**WHAT IS BEING ASKED:**
Start to finish, print the data below exactly, without the images.

**AVAILABLE DATA:**

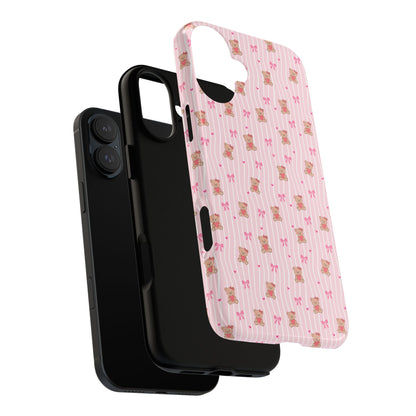 Cute Teddy Bear Pink Stripe Phone Case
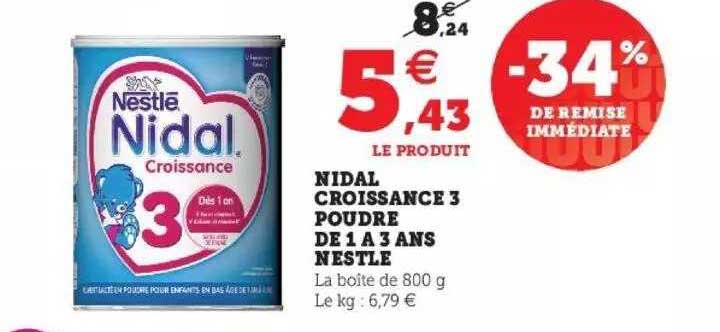 nidal croissance 3 poudre de 1 à 3 ans nestlé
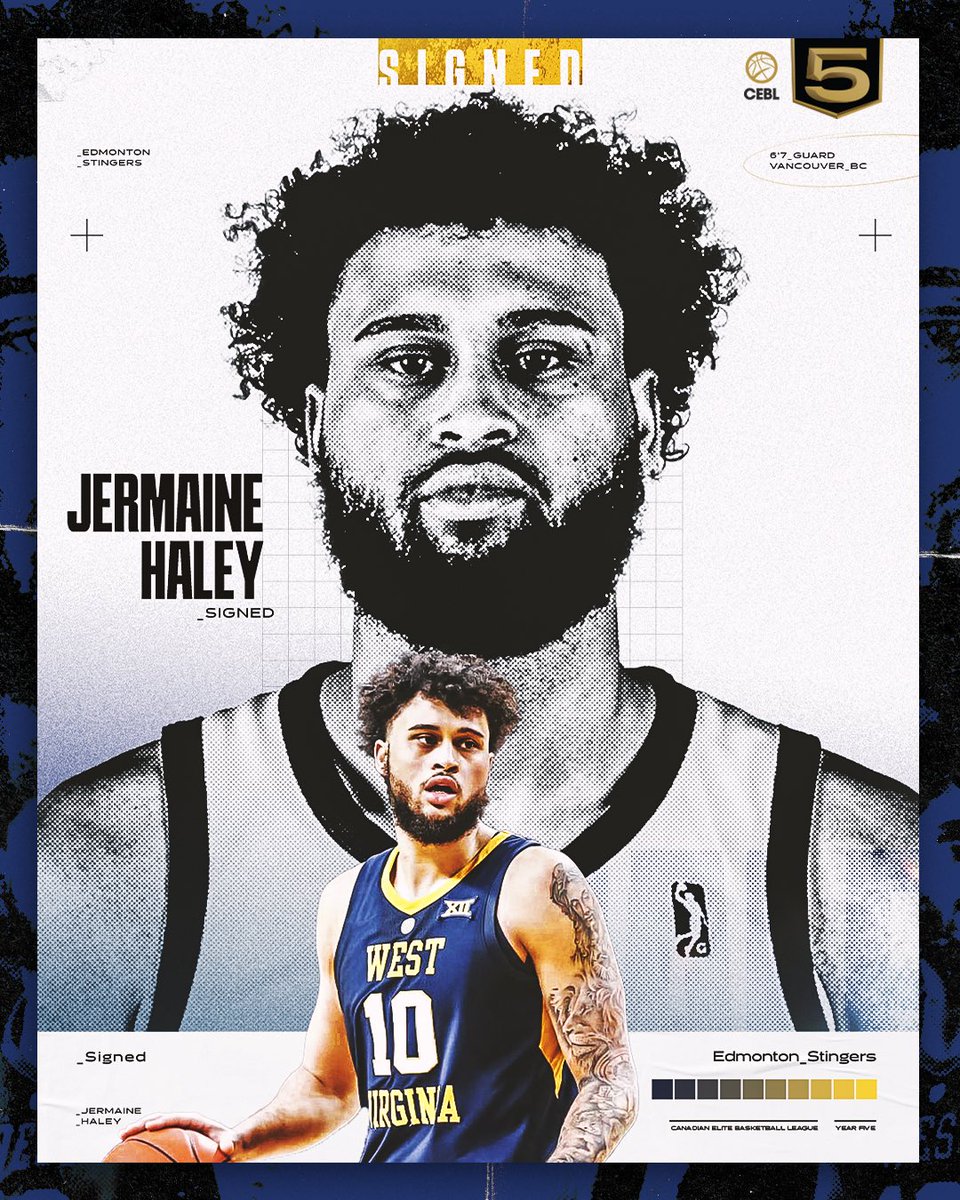 BREAKING: <a href="/ED_Stingers/">Edmonton Stingers</a> sign Canadian forward Jermaine Haley.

**RESULT OF THIS TASK:**
 Cute Teddy Bear Pink Stripe Phone Case
 nidal croissance 3 poudre de 1 à 3 ans nestlé
 BREAKING: <a href="/ED_Stingers/">Edmonton Stingers</a> sign Canadian forward Jermaine Haley.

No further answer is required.